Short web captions
* * * * *
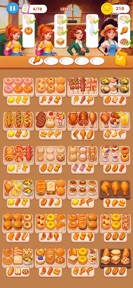Food Order - Matching Sort Jam screenshot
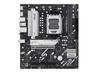 ASUS PRIME B850M-K - Moderkort - micro ATX - Socket AM5 - AMD B850 Chipuppsättning - USB-C 3.2 Gen 1, USB 3.2 Gen 2, USB 3.2 Gen 1 - 2.5 Gigabit LAN - inbyggda grafiken (CPU krävs) - HD-ljud (8 kanaler)
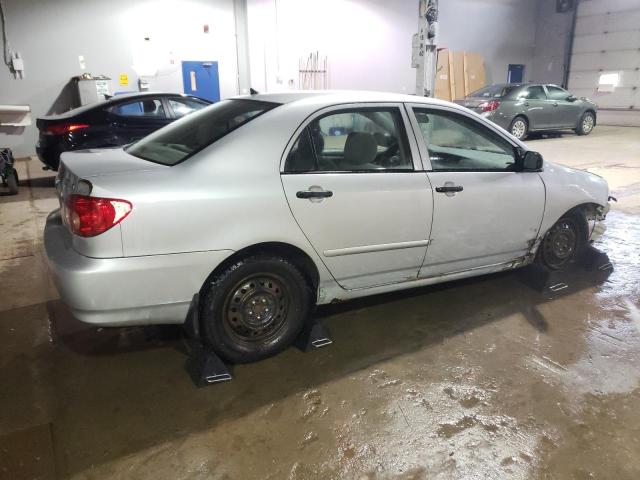 2T1BR32E36C575958 - 2006 TOYOTA COROLLA CE SILVER photo 3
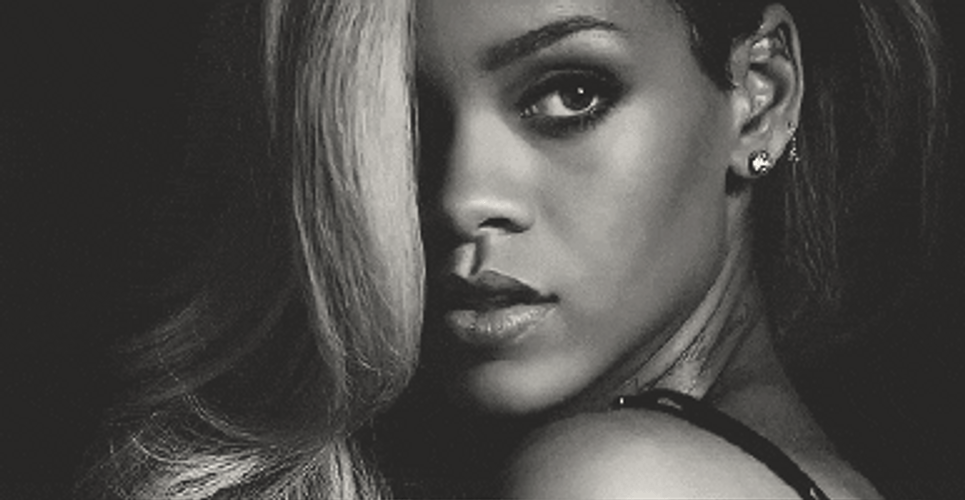 Barbados Rihanna Posing GIF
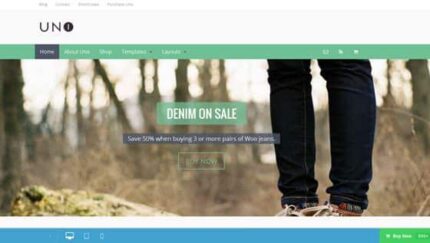 WooThemes Uno Premium Theme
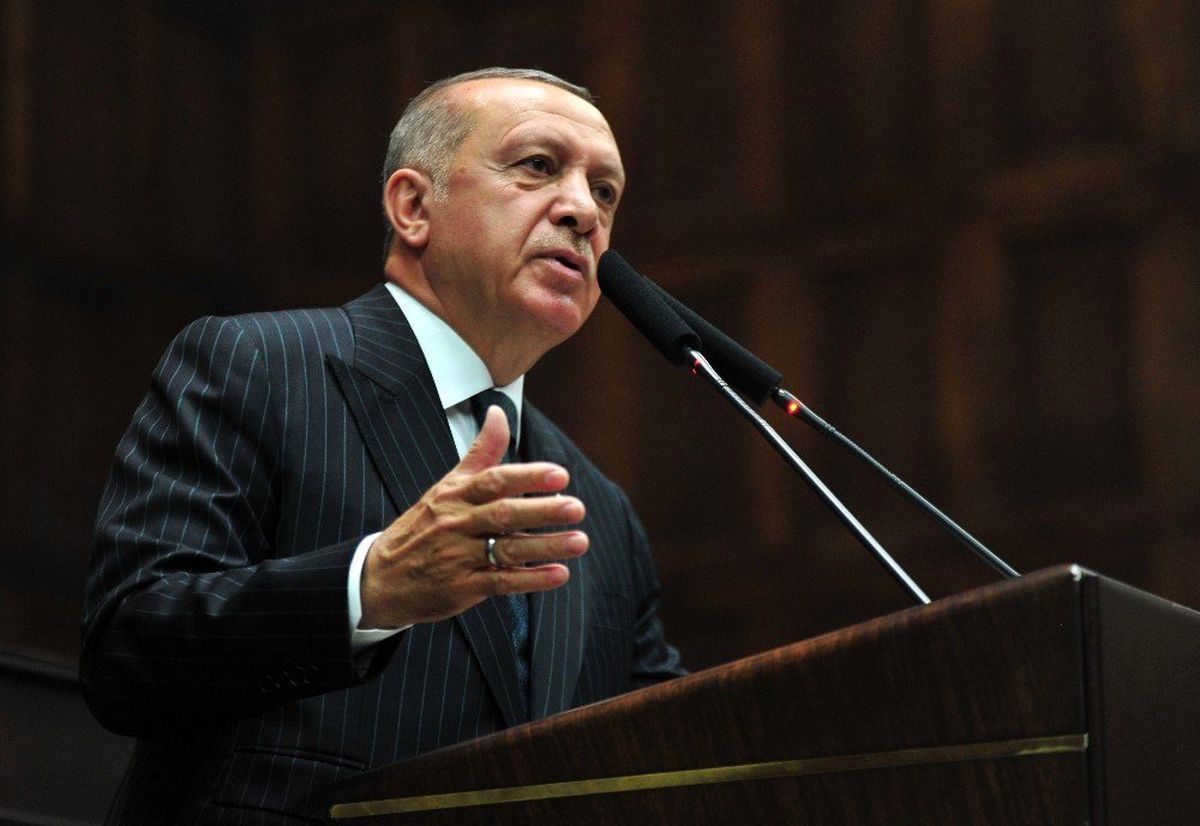 Cumhurbaşkanı Erdoğan: "Türkiye\'yi köşeye sıkıştırmaya çalışanlara fırsat vermiyoruz"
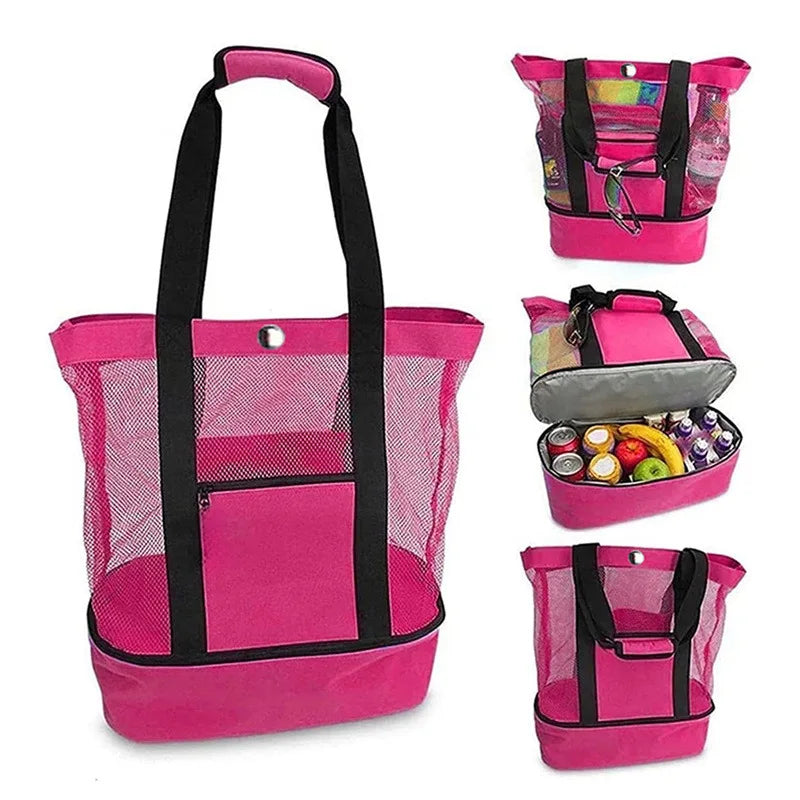 Heat Preservation Picnic Beach Bag – Waterproof & High Capacity Tote
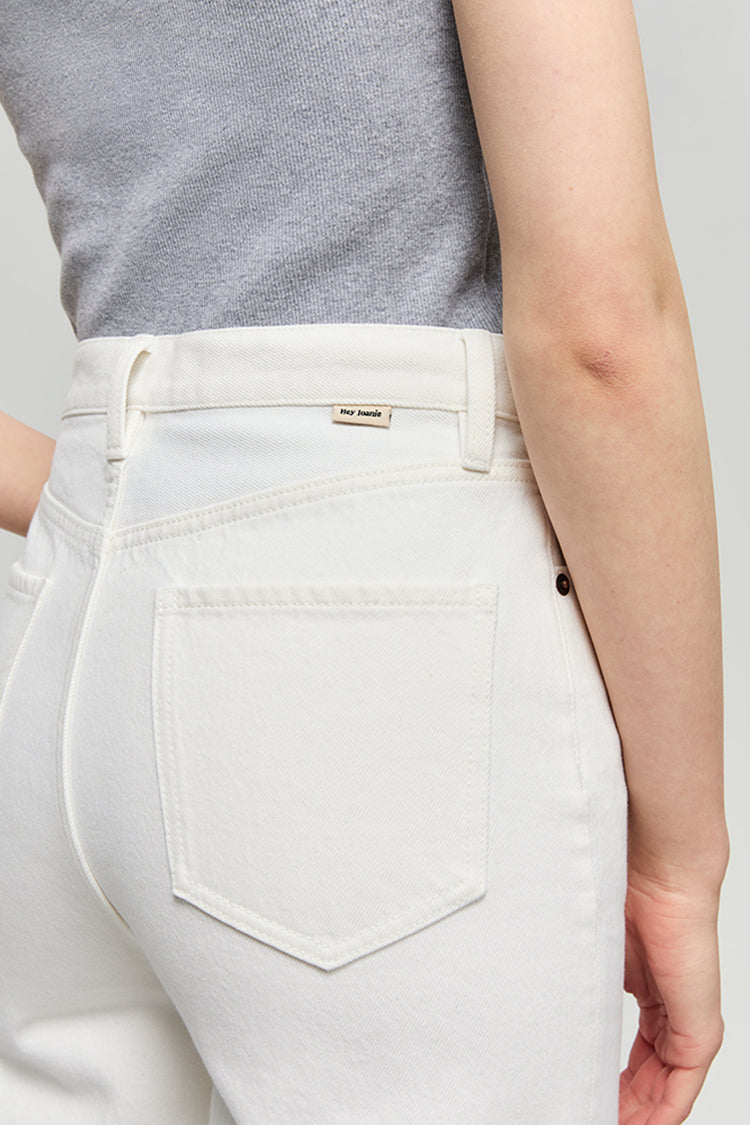Hey Joanie | The Cityer Crop Wide Jeans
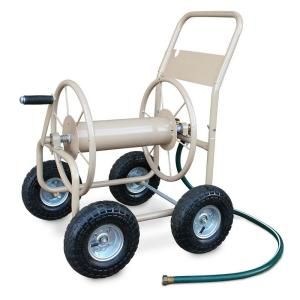 Liberty Garden Products 300 ft. Four Wheel Industrial Hose Cart 870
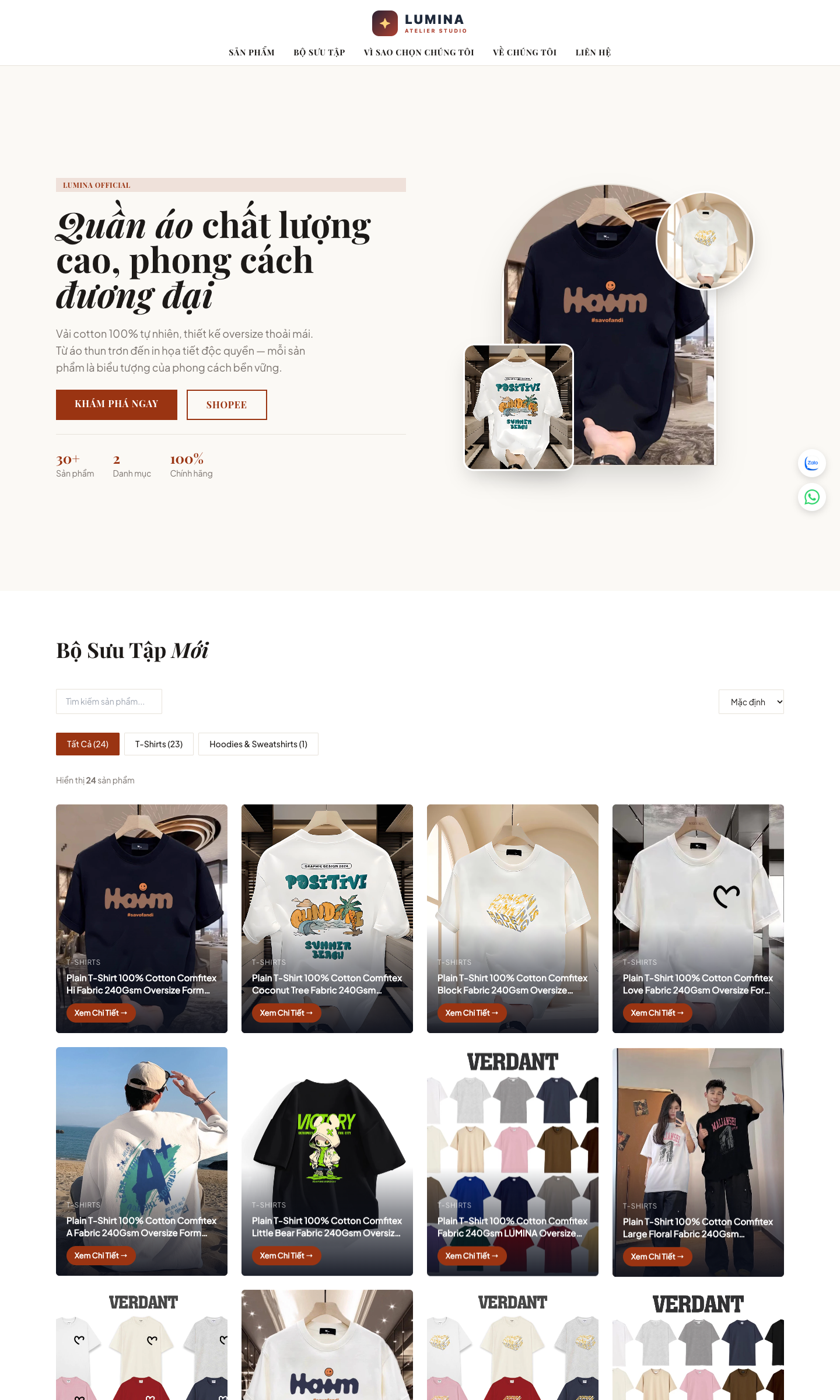 ShopOfficial - Turn Your Shopee Products Into A Beautiful Shop Website ...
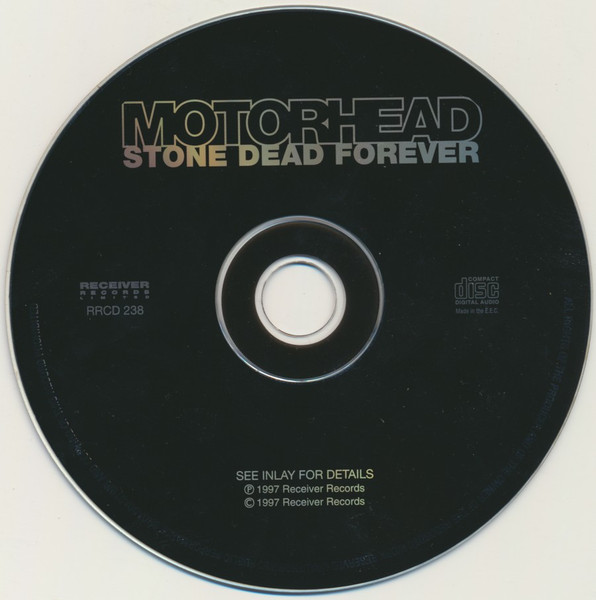 Motörhead - Stone Dead Forever (UK Import) | Receiver Records Limited (RRCD 238) - 3 Motörhead - Stone Dead Forever (UK Import) | Receiver Records Limited (RRCD 238) - 3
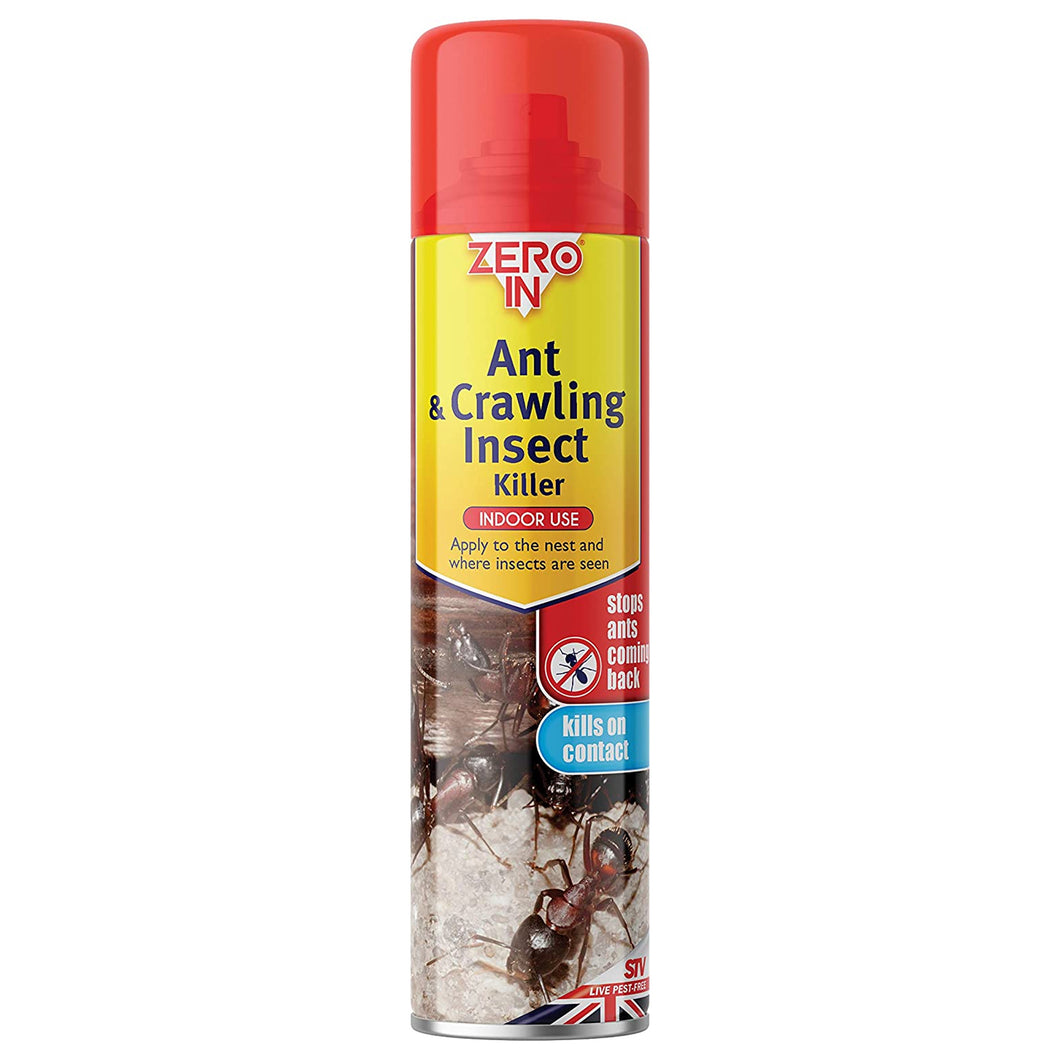 Zero In Ant & Crawling Insect Killer 300ml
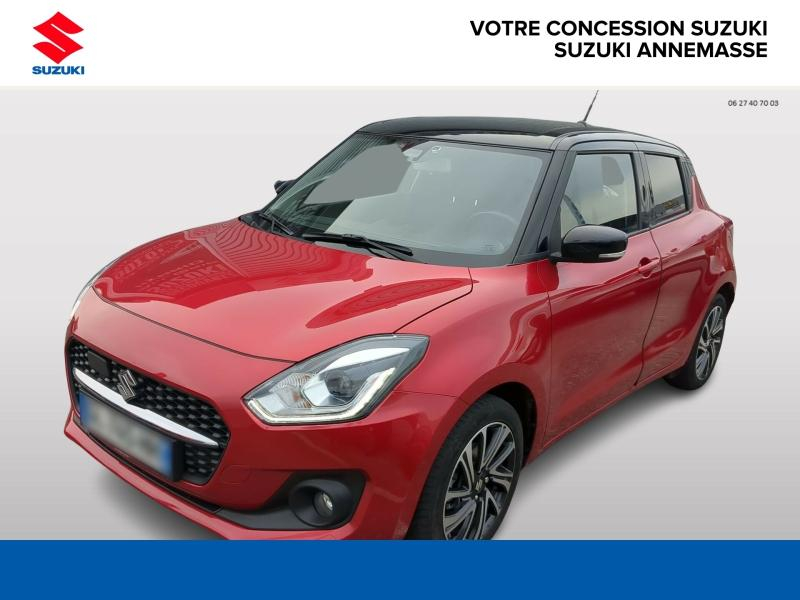 Photo 19 de l’annonce de SUZUKI Swift d’occasion à vendre à ANNECY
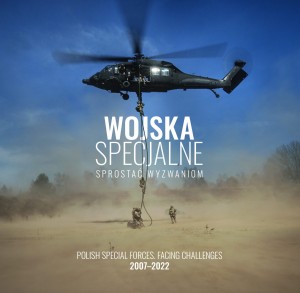Album "Wojska Specjalne. Sprostać wyzwaniom."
* * * * *
About this exercise => Retype the lines starting with the one that holds "Zero In Ant & Crawling Insect Killer 300ml" and ending with the last line of the data above, both included; skip the pictures.

Answer box =>
 Zero In Ant & Crawling Insect Killer 300ml
 Photo 19 de l’annonce de SUZUKI Swift d’occasion à vendre à ANNECY
Album "Wojska Specjalne. Sprostać wyzwaniom."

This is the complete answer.